The recent SurvivalBlog article titled “Your Two Foot Bugout” raises some interesting points. The author describes a plan to bugout on foot, using a baby stroller to carry essential gear. That’s reminiscent of the Pushcart Mormons who traveled from Iowa City to Salt Lake City in the mid 19th century. More than 250 of the immigrants died along the way, and any plan to evacuate the Phoenix area by foot would risk difficulty at least as severe.
The author describes a plan to leave Phoenix by foot in order to avoid traffic gridlock. He plans to walk alongside a canal, and then train tracks to escape the city.
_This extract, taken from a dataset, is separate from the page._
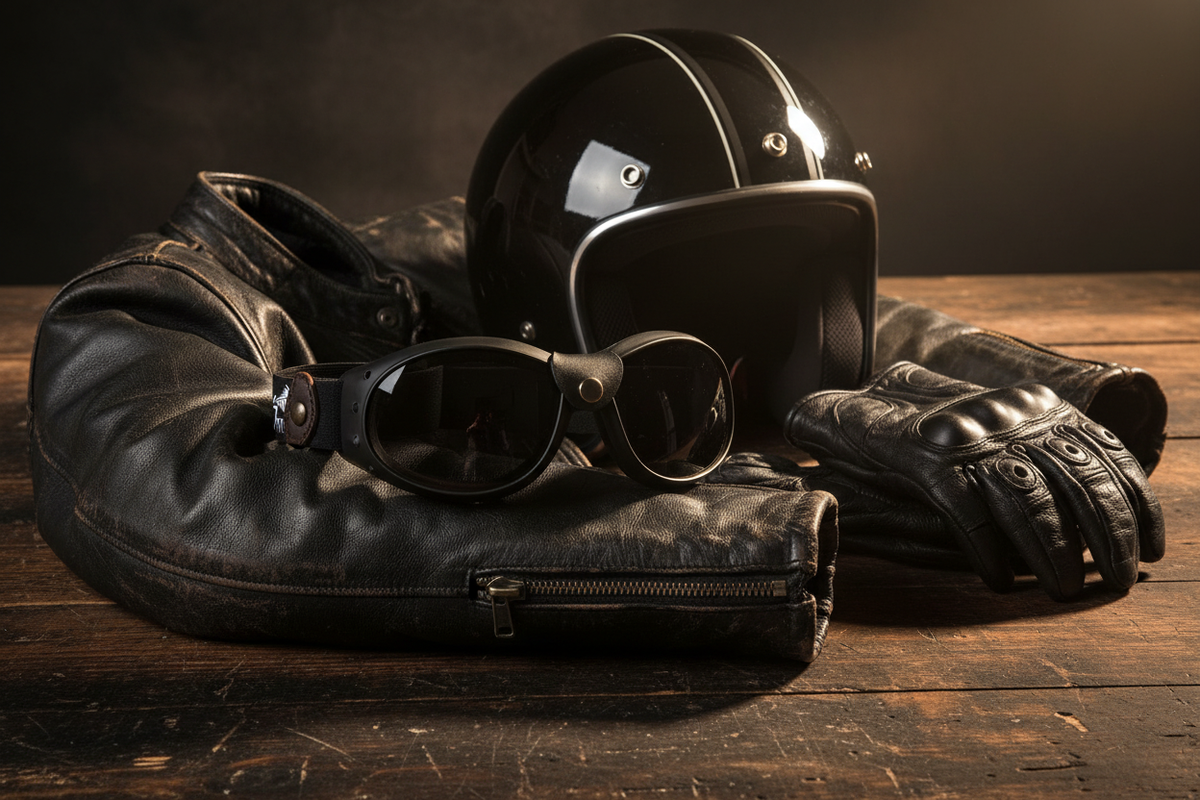 SPITS Eliminator neoprene foam goggles on a motorcycle jacket with helmet and gloves - Spits Eyewear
Having some familiarity with Arizona terrain, I would suggest that he would have to walk at least 50 miles to get out of the desert. In the desert, it’s all about water. Travel would have to be from waterhole to waterhole, and only at night if the collapse were to happen in the Summer.
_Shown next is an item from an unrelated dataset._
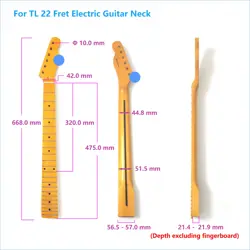 FOR FENDER TELECASTER GUITAR NECK GLOSSY YELLOW CANADA MAPLE 22 FRET WITH LOGO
The Phoenix area holds more than 4 million people, and almost all of them would have to head north. That’s a wave of humanity! The American Highway
Users Alliance studied emergency evacuation in various cities and gave Phoenix a grade of “F”. But it’s actually worse than that. In a state where adequate grazing land is considered to be 80 acres to support one cow, there is no area that has the carrying capacity to support 4 million people.
The author might make it to Lake Pleasant and up the old Phoenix to Prescott Toll Road into the Bradshaw Mountains. Or he could go up the old sheep trail along the Verde River through Bloody Basin. But either way, he’ll have to get a head start on the hordes of refugees heading north.
An alternative plan would be to travel as far as possible by car or ATV, then use the stroller as a last result. With a Tsunami of desperate people breathing down your neck, escape is all about getting a quick start, ahead of the hordes. – K.L.